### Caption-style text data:
____
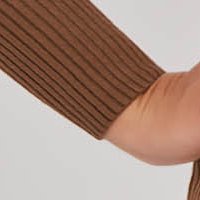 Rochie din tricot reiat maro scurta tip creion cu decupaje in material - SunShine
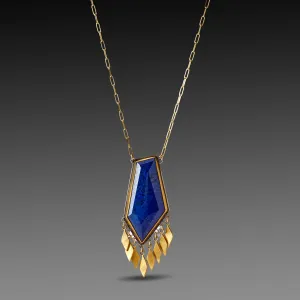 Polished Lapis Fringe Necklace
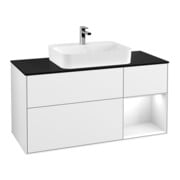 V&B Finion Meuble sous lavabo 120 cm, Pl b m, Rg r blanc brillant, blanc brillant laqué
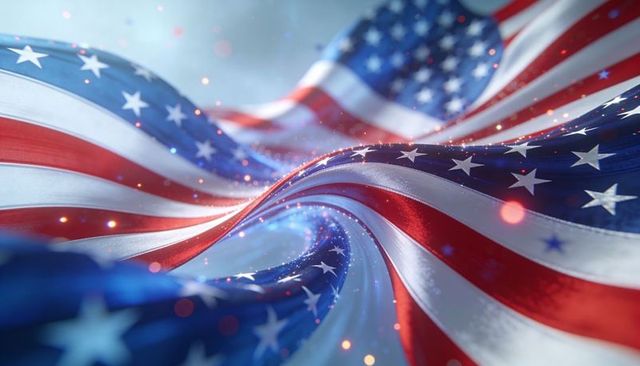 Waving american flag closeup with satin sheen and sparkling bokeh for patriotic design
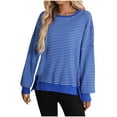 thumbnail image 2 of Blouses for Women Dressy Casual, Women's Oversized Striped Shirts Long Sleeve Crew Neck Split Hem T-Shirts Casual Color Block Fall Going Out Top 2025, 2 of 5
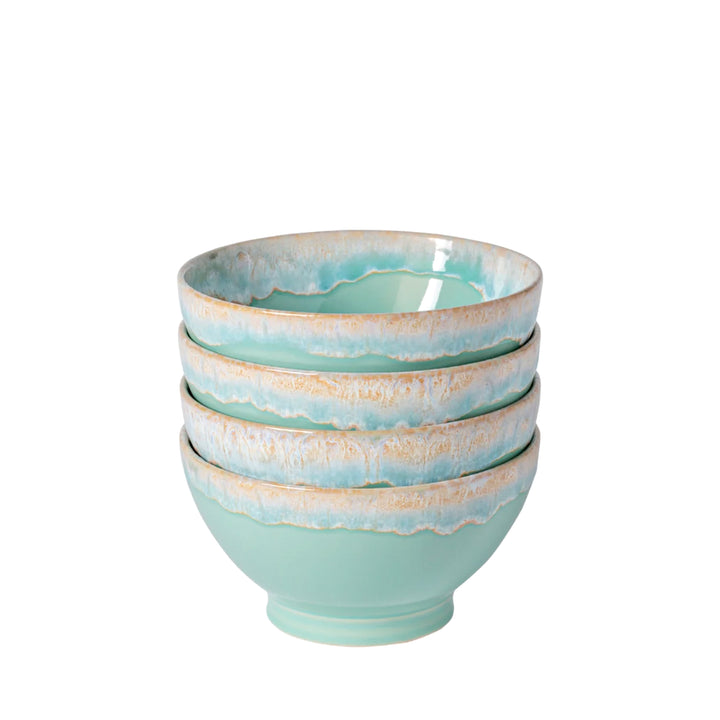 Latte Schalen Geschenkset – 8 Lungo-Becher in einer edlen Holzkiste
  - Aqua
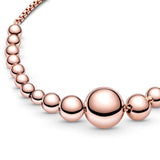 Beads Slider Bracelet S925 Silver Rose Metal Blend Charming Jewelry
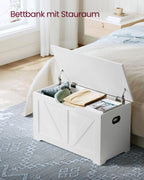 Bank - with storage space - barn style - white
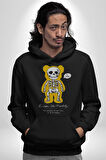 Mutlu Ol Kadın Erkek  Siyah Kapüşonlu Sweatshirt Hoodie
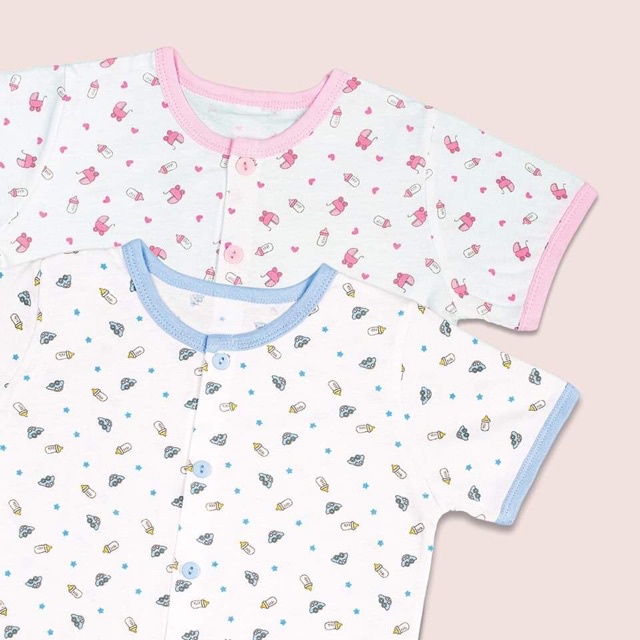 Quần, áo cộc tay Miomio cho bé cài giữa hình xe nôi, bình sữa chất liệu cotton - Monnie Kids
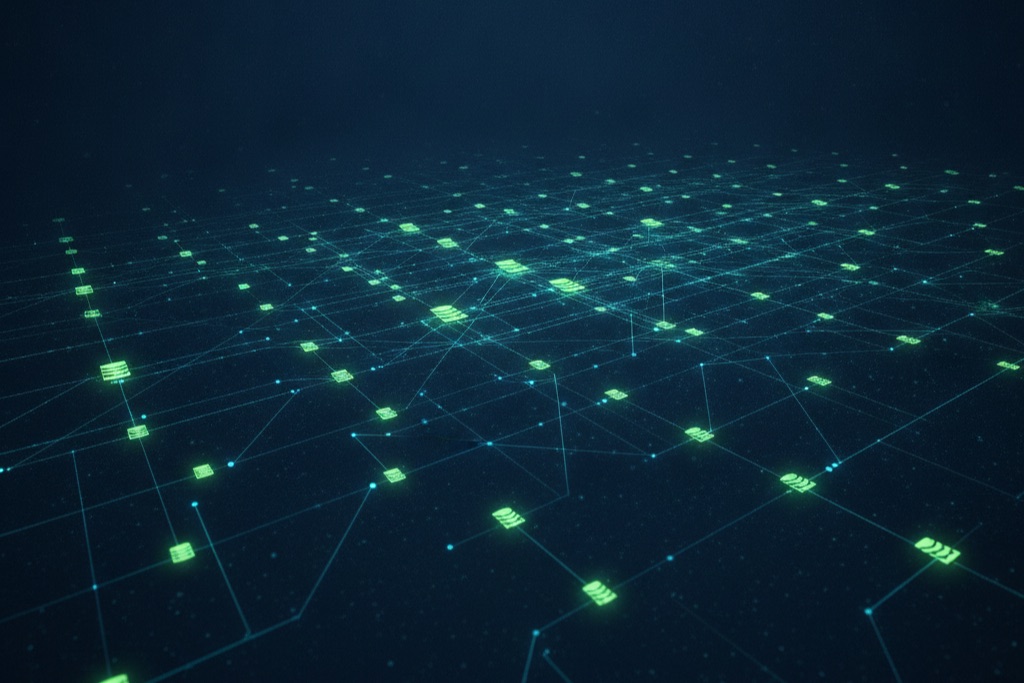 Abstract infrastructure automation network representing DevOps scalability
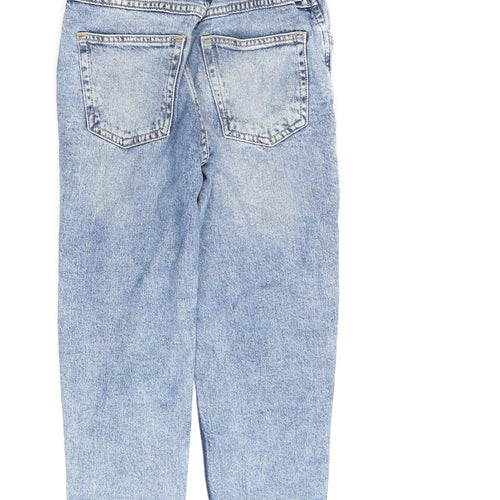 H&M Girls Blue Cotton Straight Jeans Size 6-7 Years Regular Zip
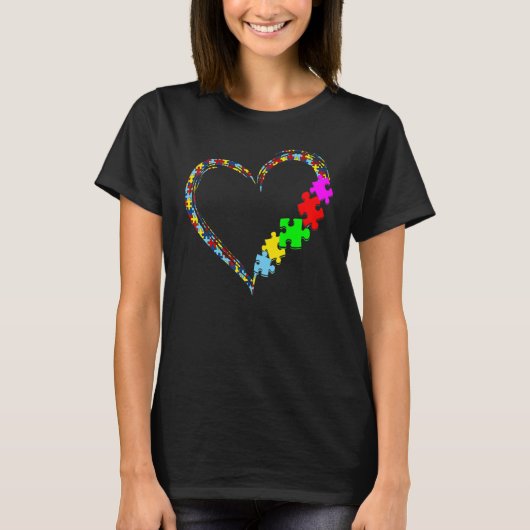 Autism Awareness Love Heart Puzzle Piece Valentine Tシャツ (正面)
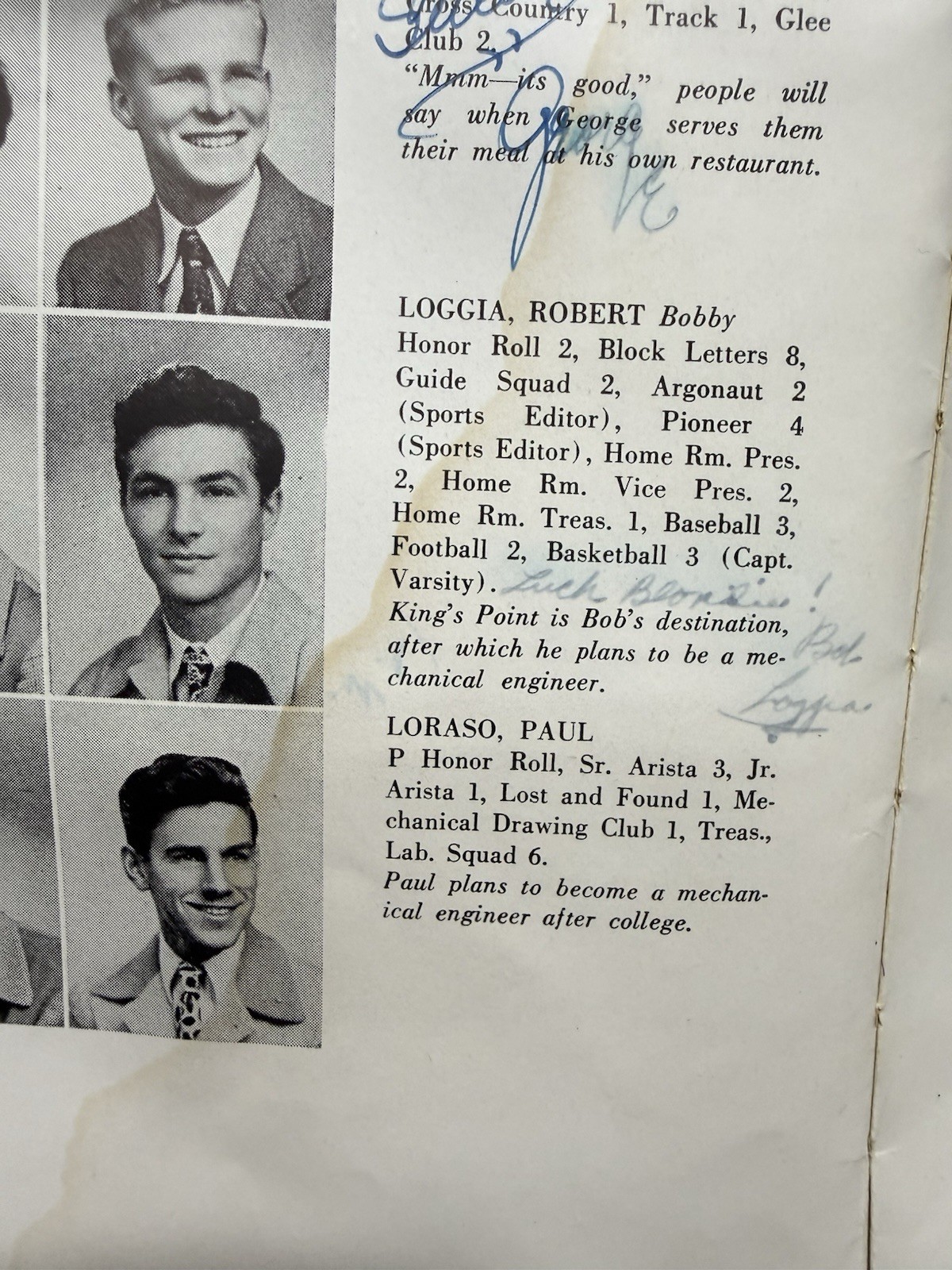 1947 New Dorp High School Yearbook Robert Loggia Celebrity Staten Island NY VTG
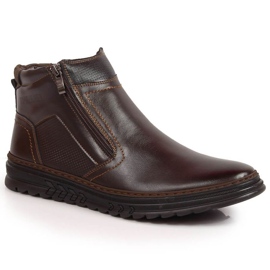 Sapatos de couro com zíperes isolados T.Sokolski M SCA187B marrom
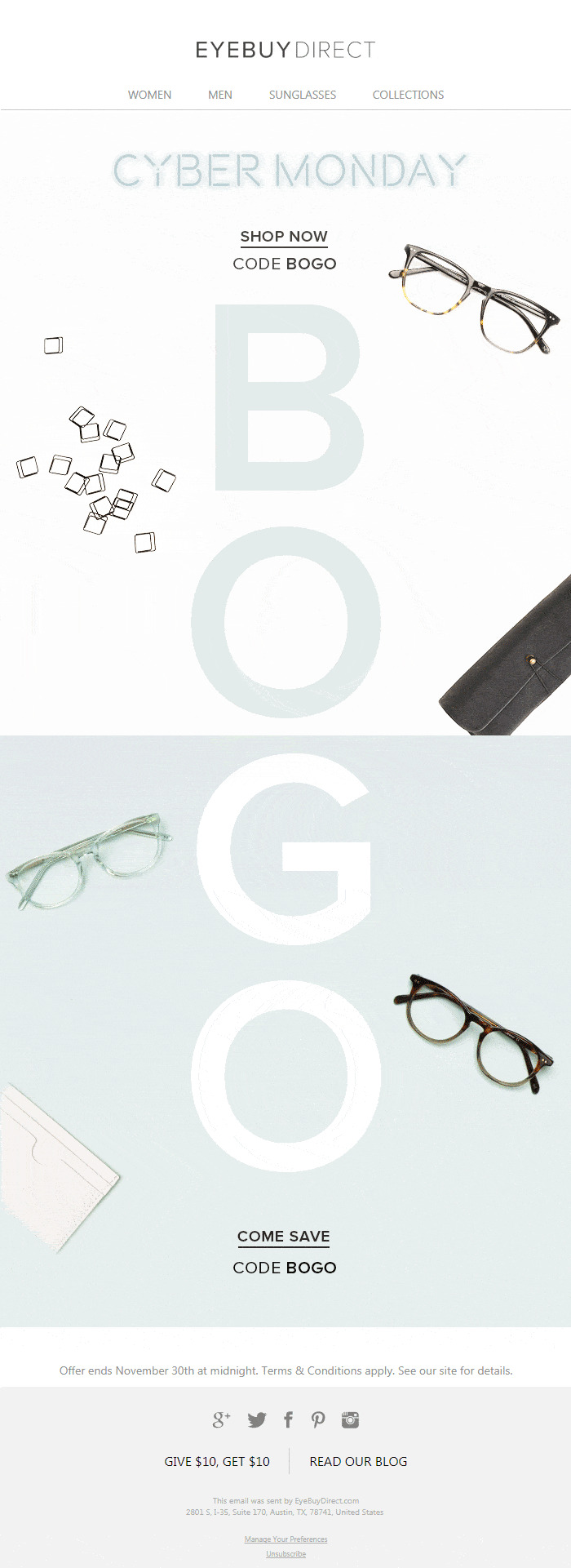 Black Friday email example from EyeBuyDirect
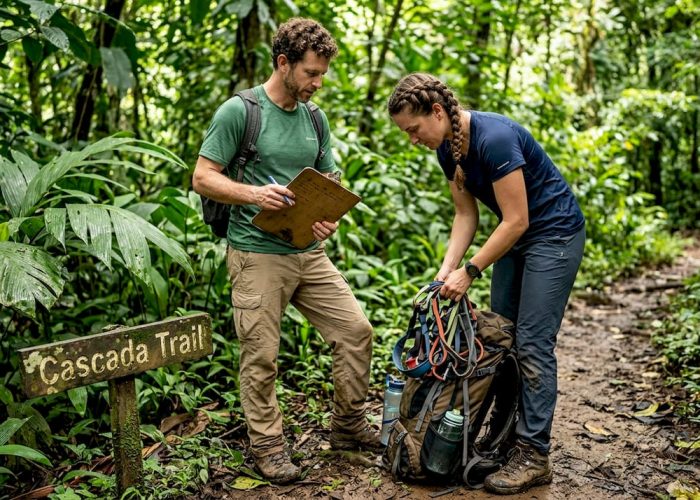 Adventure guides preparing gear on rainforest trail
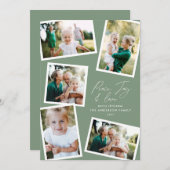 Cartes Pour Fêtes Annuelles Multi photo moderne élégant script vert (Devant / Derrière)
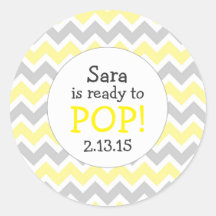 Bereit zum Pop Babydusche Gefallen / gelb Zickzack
____
### TASK:
The lines from the one with "1947 New Dorp" to the end of the data above should be retyped exactly, both ends included, and pictures are to be left out.

### SOLUTION TO THIS PROBLEM:
 1947 New Dorp High School Yearbook Robert Loggia Celebrity Staten Island NY VTG
 Sapatos de couro com zíperes isolados T.Sokolski M SCA187B marrom
 Black Friday email example from EyeBuyDirect
 Adventure guides preparing gear on rainforest trail
 Cartes Pour Fêtes Annuelles Multi photo moderne élégant script vert (Devant / Derrière)
 Bereit zum Pop Babydusche Gefallen / gelb Zickzack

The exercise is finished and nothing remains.